What you need to do — The reply should repeat all of the data word for word, with no pictures.

Task data —
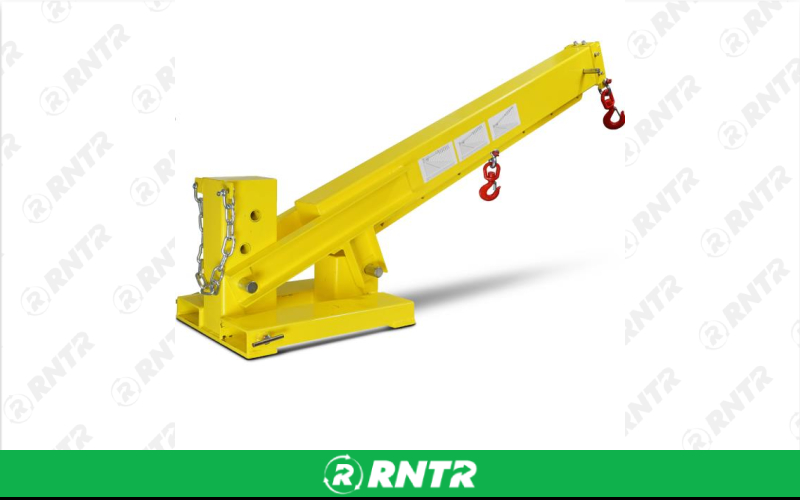 Generic FORKLIFT JIB BOOM – For rent in Mount Airy, North Carolina – Cooke Rentals MA | RNTR.com – Image 2 of 2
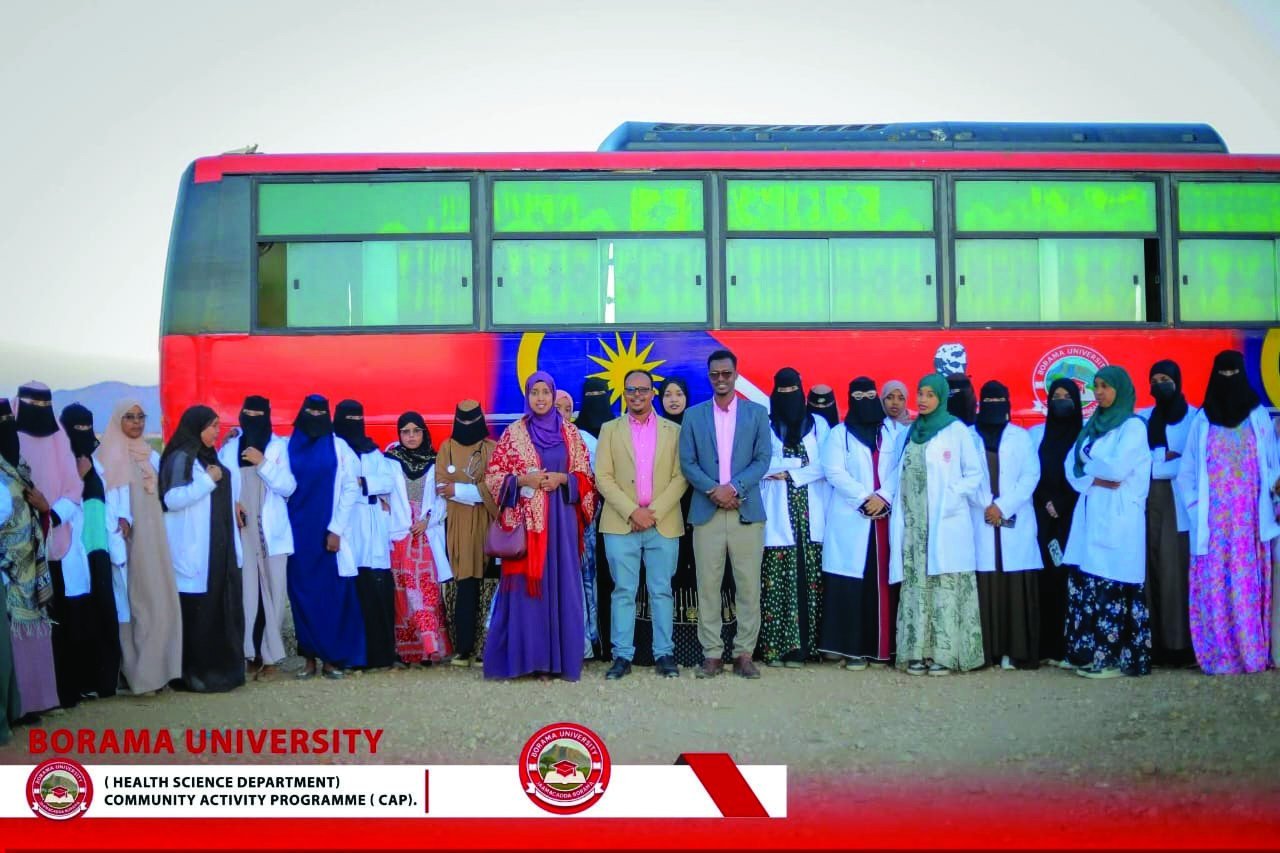 Health sciences community programme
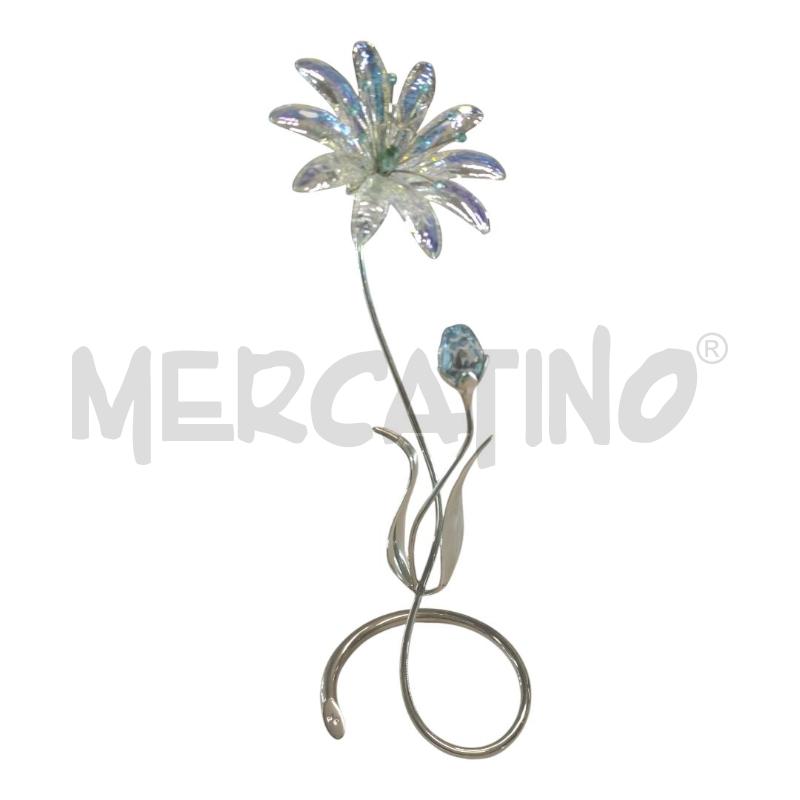 FIORE SWAROVSKI STELLA DELL'ARIA | Mercatino dell'Usato Salerno torrione 1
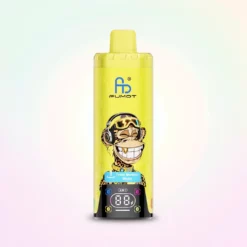 FUMOT Eco 80K Puffs 26ml Total E-Liquid 0.6Ω Dual Mesh Coils 4-in-1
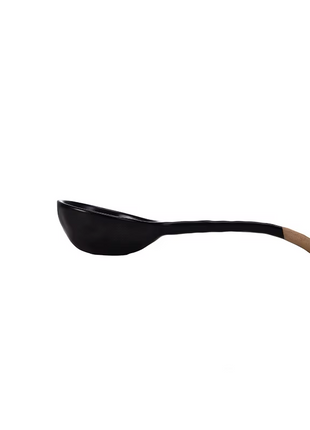 Polonic Ceramic pentru Supa, Diverse Culori, 26 cm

Answer box —
 Generic FORKLIFT JIB BOOM – For rent in Mount Airy, North Carolina – Cooke Rentals MA | RNTR.com – Image 2 of 2
 Health sciences community programme
 FIORE SWAROVSKI STELLA DELL'ARIA | Mercatino dell'Usato Salerno torrione 1
 FUMOT Eco 80K Puffs 26ml Total E-Liquid 0.6Ω Dual Mesh Coils 4-in-1
 Polonic Ceramic pentru Supa, Diverse Culori, 26 cm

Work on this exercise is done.